How to complete this task: Find the line with "GARDEROBA OPAL SONOMA KOMPLET TOP E SHOP GARDEROBA" in the entries below, then output every line from it down to the line with "Jungfraucenter Interlaken HTI", exactly and with no pictures.

Entries supplied:
▬▬▬

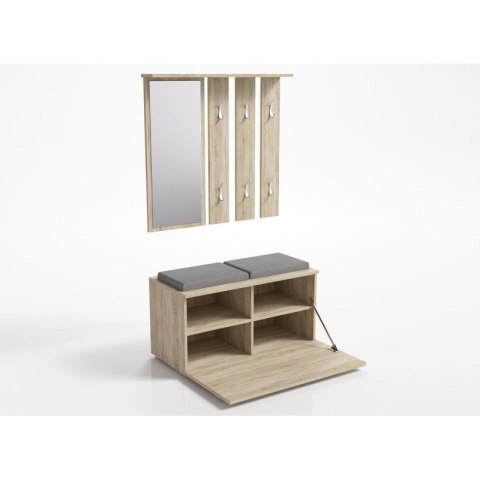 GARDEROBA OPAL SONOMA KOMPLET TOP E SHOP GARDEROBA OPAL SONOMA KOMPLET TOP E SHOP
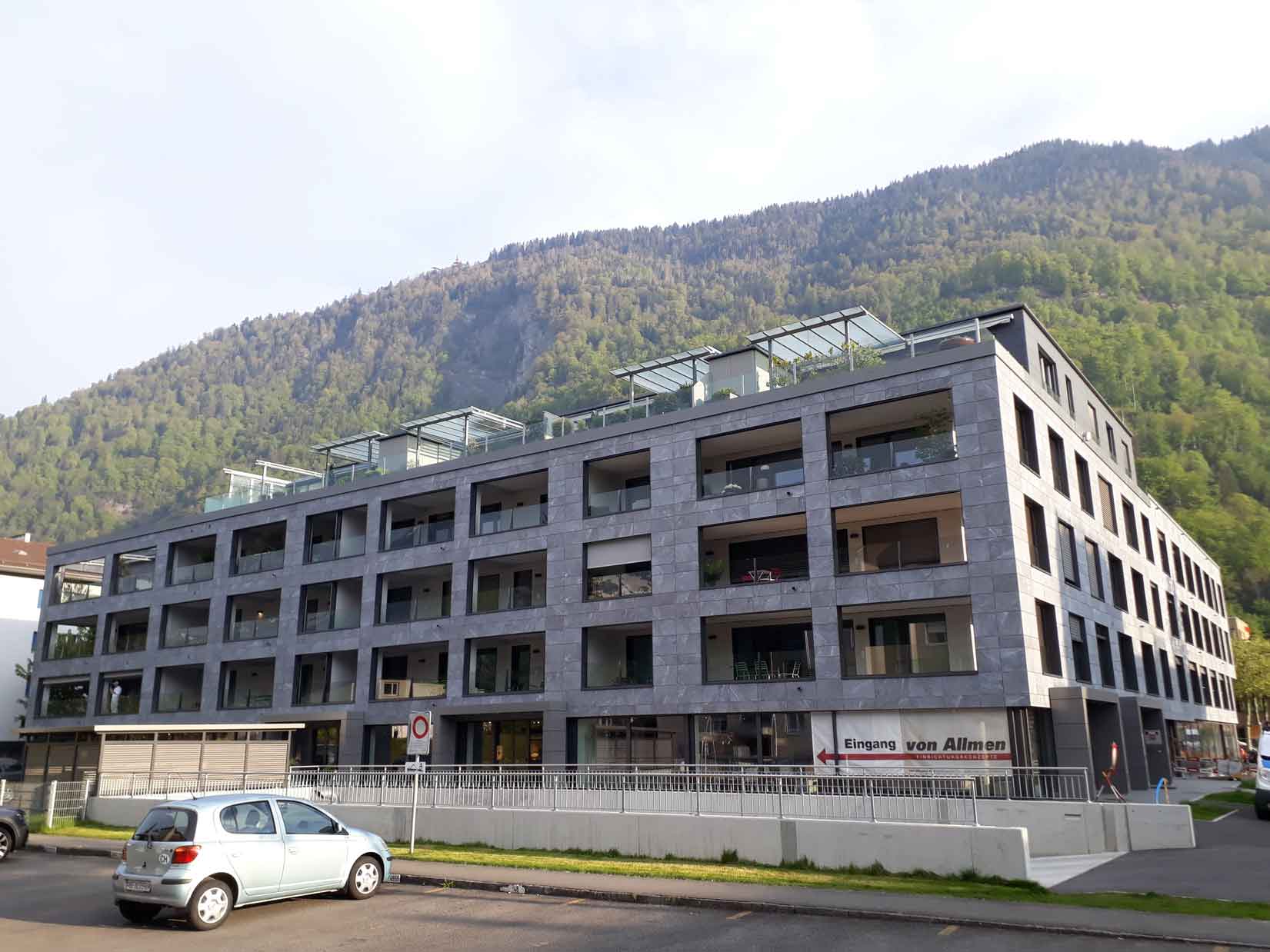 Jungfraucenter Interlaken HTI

▬▬▬

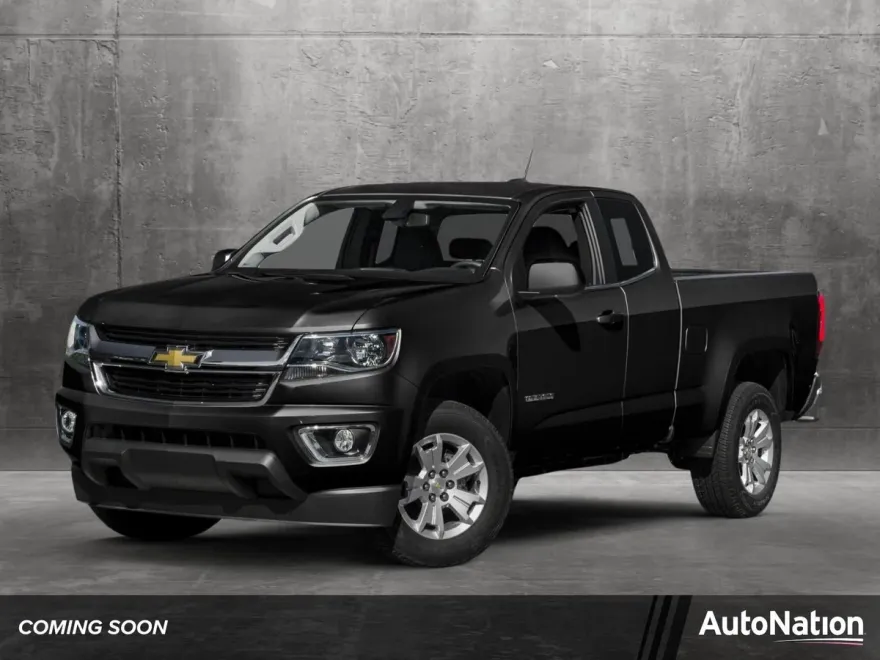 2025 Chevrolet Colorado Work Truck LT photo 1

▬▬▬

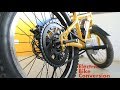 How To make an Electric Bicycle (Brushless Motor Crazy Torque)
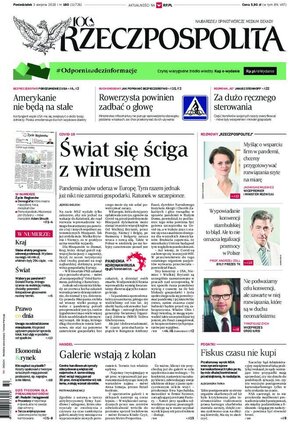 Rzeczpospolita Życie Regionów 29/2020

▬▬▬

Task solution:
 GARDEROBA OPAL SONOMA KOMPLET TOP E SHOP GARDEROBA OPAL SONOMA KOMPLET TOP E SHOP
 Jungfraucenter Interlaken HTI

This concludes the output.